= INFORMATION PROVIDED =
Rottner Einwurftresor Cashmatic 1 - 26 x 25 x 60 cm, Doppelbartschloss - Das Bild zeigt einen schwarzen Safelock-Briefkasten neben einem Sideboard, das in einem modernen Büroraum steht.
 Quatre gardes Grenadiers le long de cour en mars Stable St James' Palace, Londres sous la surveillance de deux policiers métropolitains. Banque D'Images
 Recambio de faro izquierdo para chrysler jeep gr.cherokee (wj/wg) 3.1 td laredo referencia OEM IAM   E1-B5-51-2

= ABOUT THIS EXERCISE =
Your answer should be the data above, retyped in full and unaltered.

= ANSWER SECTION =
Rottner Einwurftresor Cashmatic 1 - 26 x 25 x 60 cm, Doppelbartschloss - Das Bild zeigt einen schwarzen Safelock-Briefkasten neben einem Sideboard, das in einem modernen Büroraum steht.
 Quatre gardes Grenadiers le long de cour en mars Stable St James' Palace, Londres sous la surveillance de deux policiers métropolitains. Banque D'Images
 Recambio de faro izquierdo para chrysler jeep gr.cherokee (wj/wg) 3.1 td laredo referencia OEM IAM   E1-B5-51-2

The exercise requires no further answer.